EXERCISE GOAL:
The stretch wanted below opens at the line containing "Awana Ethnic Bedsheet - Blue Awana" and closes at the line containing "Cama Baú Casal". Please return it exactly, with no other lines.
═══ DATA PROVIDED ═══
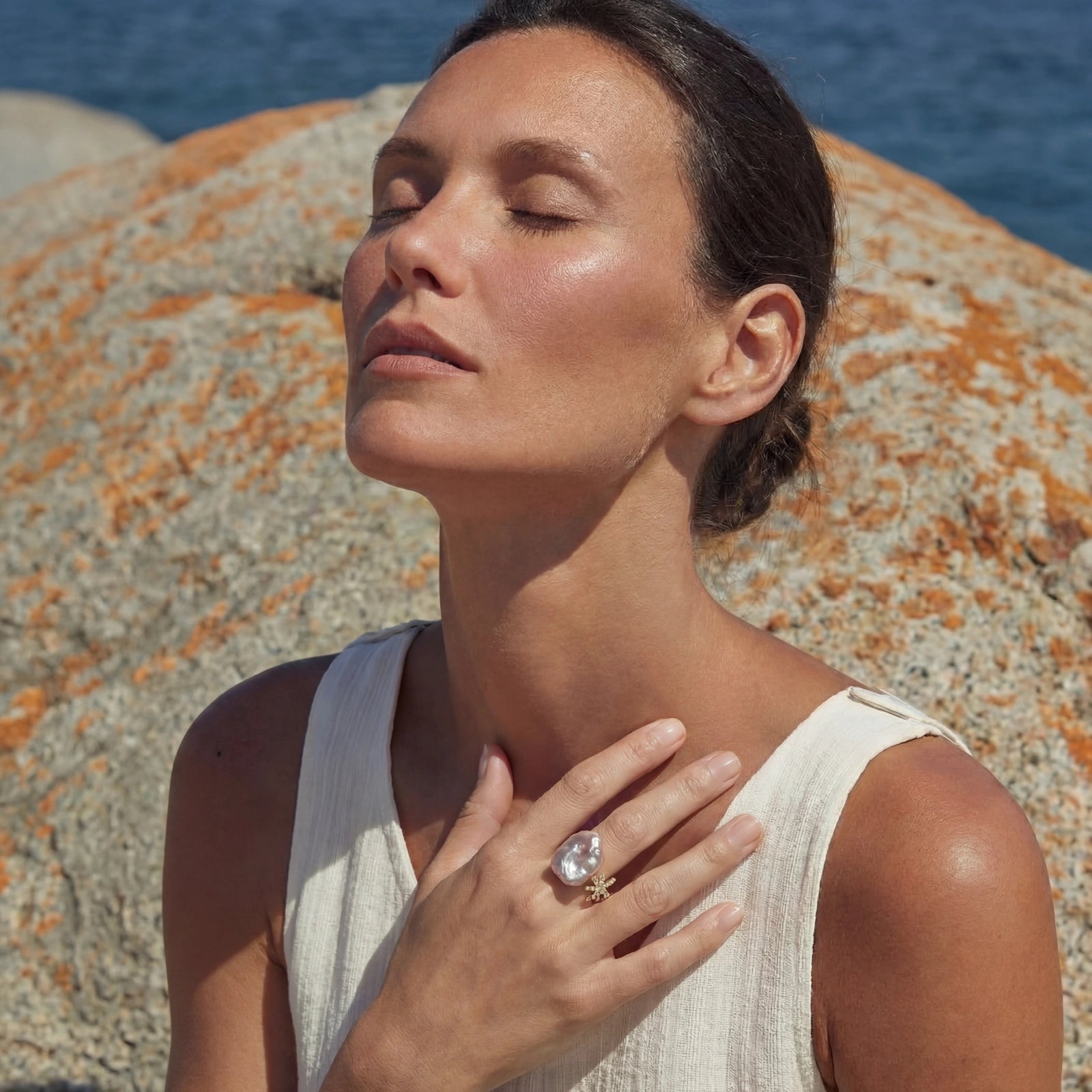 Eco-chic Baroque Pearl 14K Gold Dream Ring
═══
═══ DATA PROVIDED ═══
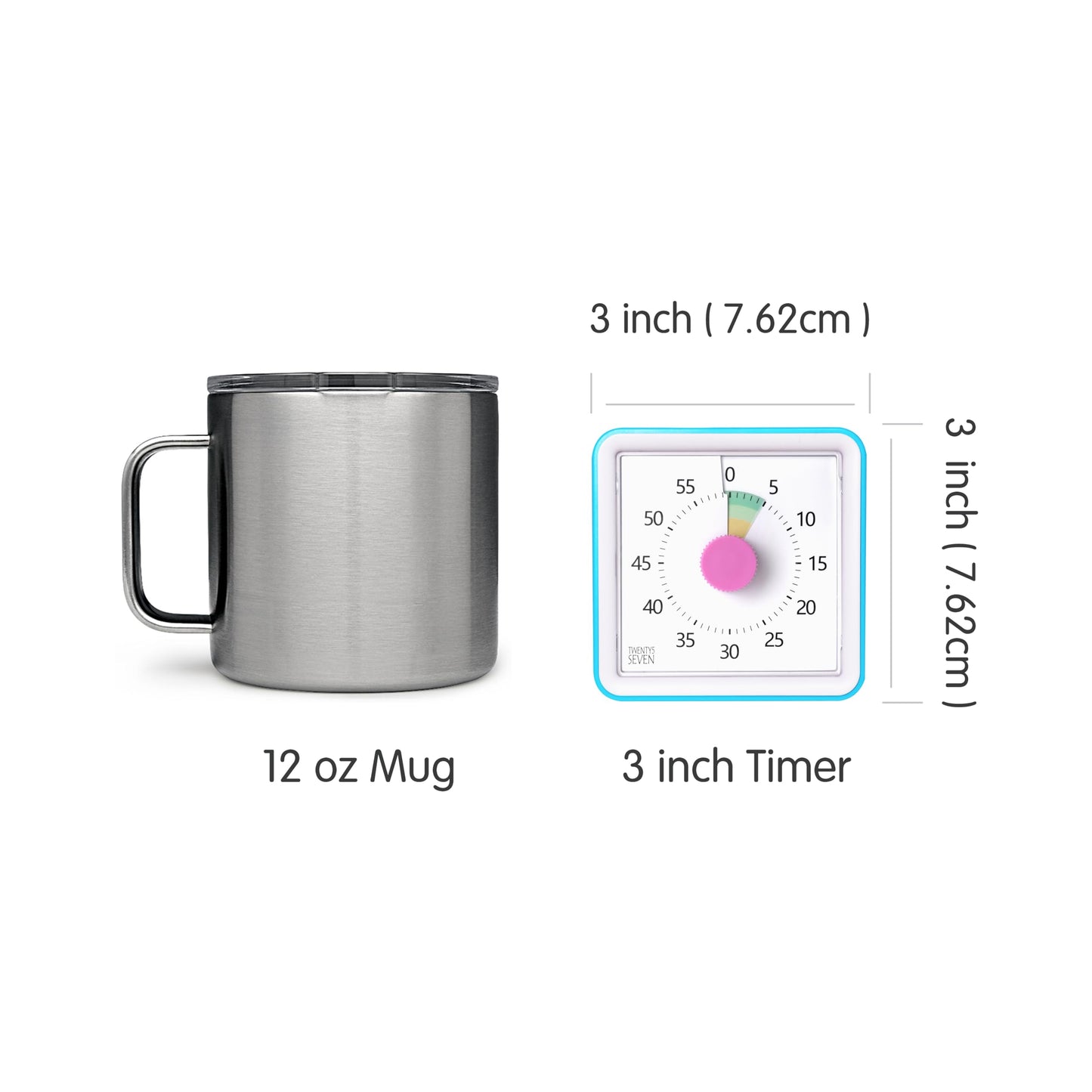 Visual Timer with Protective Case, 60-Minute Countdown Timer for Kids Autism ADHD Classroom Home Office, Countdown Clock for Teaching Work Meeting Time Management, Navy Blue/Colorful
═══
═══ DATA PROVIDED ═══
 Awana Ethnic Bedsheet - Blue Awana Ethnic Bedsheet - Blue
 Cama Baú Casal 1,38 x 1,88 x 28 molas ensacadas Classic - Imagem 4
═══
TASK OUTPUT:
 Awana Ethnic Bedsheet - Blue Awana Ethnic Bedsheet - Blue
 Cama Baú Casal 1,38 x 1,88 x 28 molas ensacadas Classic - Imagem 4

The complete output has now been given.